By Andrew Grant
Combining the engines of a Ferrari and a Honda Civic would not lead to a fast, fuel-efficient car. Yet the simple trick of coupling a power-sipping transistor to a high-speed one has created a transistor that excels in both categories without any obvious weaknesses.
“This is a great advancement,” says Adrian Ionescu, a nanoelectronics engineer at the Swiss Federal Institute of Technology in Lausanne. “And we already have all the materials needed to build it, so I think they can very quickly implement it in industry.” The new transistor could soon find its way into the flash memory chips that store data in computers, tablets and smartphones, Ionescu says.
Transistors, particularly a variety called metal-oxide semiconductor field-effect transistors, or MOSFETs, are building blocks of the electronic age. They have gates that rapidly open and close to control the flow of electric current within microprocessors and memory chips.

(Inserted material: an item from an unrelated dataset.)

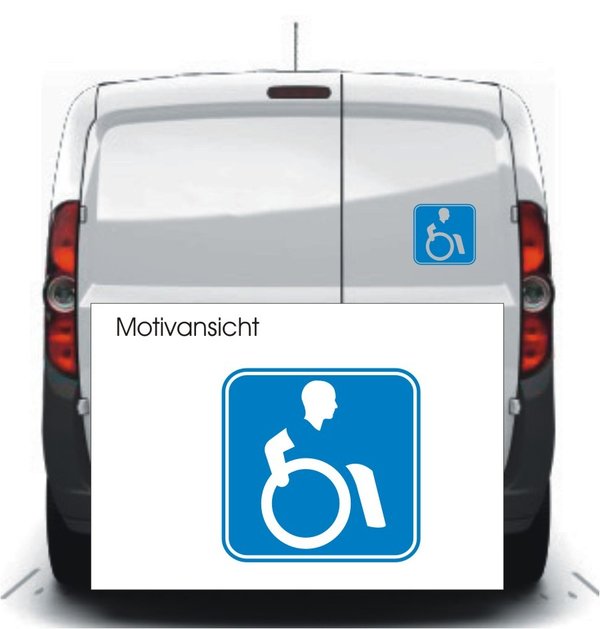Rollstuhlfahrer - Hinweiszeichen - Frau/Mann - Rollstuhl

For decades, engineers have shrunk transistors, providing increased computing muscle and data storage in the same space. But now transistors can’t get much smaller. The gates of current MOSFETs are so thin — just several atoms wide — that electrons can burrow through via a phenomenon called quantum tunneling. Scientists have successfully harnessed these tunneling electrons in flash memory chips, but the process requires a lot of energy, most of which goes to waste. “The main showstopper in consumer electronics is power consumption,” Ionescu says.
Electrical engineer Peng-Fei Wang at Fudan University in Shanghai was familiar with MOSFETs, but his expertise was another type of transistor called a tunneling field-effect transistor, or TFET. This relatively new technology cannot compete with MOSFETs for speed, but it can function on very small amounts of energy. Since 2001, Wang has worked to integrate TFETs into mainstream electronics.
In the Aug. 9 Science, Wang and colleagues describe how they built a modified MOSFET with an embedded TFET. Like other MOSFETs used in flash memory, the new transistor exploits quantum tunneling electrons, but the presence of the TFET allows it to run on very little energy. Low power consumption translates to high speed because it takes less time for the circuit to build up the energy threshold required for the transistor to work.
Wang says his hybrid transistors should seamlessly make their way into standard memory chips because the transistors don’t require new materials or manufacturing methods. That could allow mobile devices to have better battery life, quicker reading and writing times to the flash memory inside and greater longevity. Wang’s team says that the transistors remain reliable for a quadrillion operations, a billion times as efficient as existing technology.